Patrisse Cullors is not a superstar. She is not the Messiah. Cullors, wearing a bright green T-shirt emblazoned with the words “Black Lives Matter,” describes herself as a normal person who just put a hashtag on Twitter. “I’m not here to entertain,” she said, leaning back in her chair with one hand over her pregnant belly and the other holding the microphone. In 2013, the Black Lives Matter movement was born. Following the court decision that allowed George Zimmerman to remain a free man after shooting Florida teen Trayvon Martin, Cullors scoured the Internet for answers. That’s when she found a Facebook post by Alicia Garza. Garza wrote a love letter to black people via Facebook, encouraging them to embrace the idea that “black lives matter.” Cullors saw these words, dropped a hashtag in front of them, and together Cullors and Garza created what many are calling the New Civil Rights Movement.
But Black Lives Matter is much more than a hashtag. Black Lives Matter is not a hobby. It is not a few protests that could boil over in a month or two. Cullors calls Black Lives Matter a “re-humanizing project for black people.” She explained that this is the first time that black students are finally being heard, and urged non-Black allies not to take that away from them. Black Lives Matter reverses an age-old tradition. For the first time, black people – and especially black women, the most marginalized group in America – are brought to the forefront of conversations.

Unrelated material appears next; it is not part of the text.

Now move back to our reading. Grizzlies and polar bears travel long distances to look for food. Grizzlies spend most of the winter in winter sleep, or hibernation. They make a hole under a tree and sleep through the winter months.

Black Lives Matter is worldwide effort. With over 30 chapters worldwide, black people from Haiti to Toronto, Ghana to D.C., rally together to redefine the struggle. The struggle is against a system built against black people. The struggle is against police brutality. The struggle is against mass incarceration, poverty and immigration reform. The struggle is against a hetero-patriarchal culture that pushes black queer and trans people to the outskirts.

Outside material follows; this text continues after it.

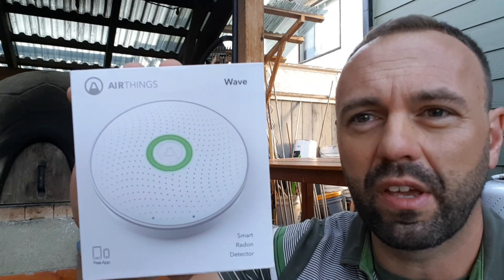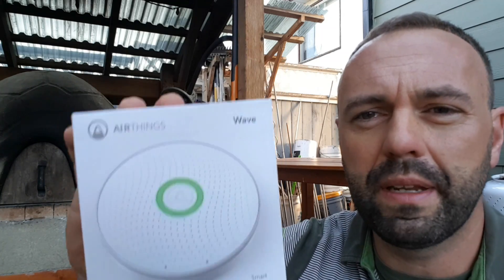I've recently started adding radon detectors into my consultancy process. When I go and consult for a client, one of the first things I do when I see their property is set up a radon meter. I recently found this radon meter from a company called AirThings, which is a company out of — I think it's Norway — and it's kind of redefining the radon conversation right now. There have been electronic radon meters before, but this one's pretty unique.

In the middle of her speech, Cullors asked the audience to answer two questions: what are you doing to save black lives and what will you do or continue to do in order to save black lives? Students, faculty, staff and more turned to each other to try to answer. Some reflected on their volunteer experience or leadership roles on campus. Others had no answers at all. So, in the words of the Patrisse Cullors: What will you do to save black lives?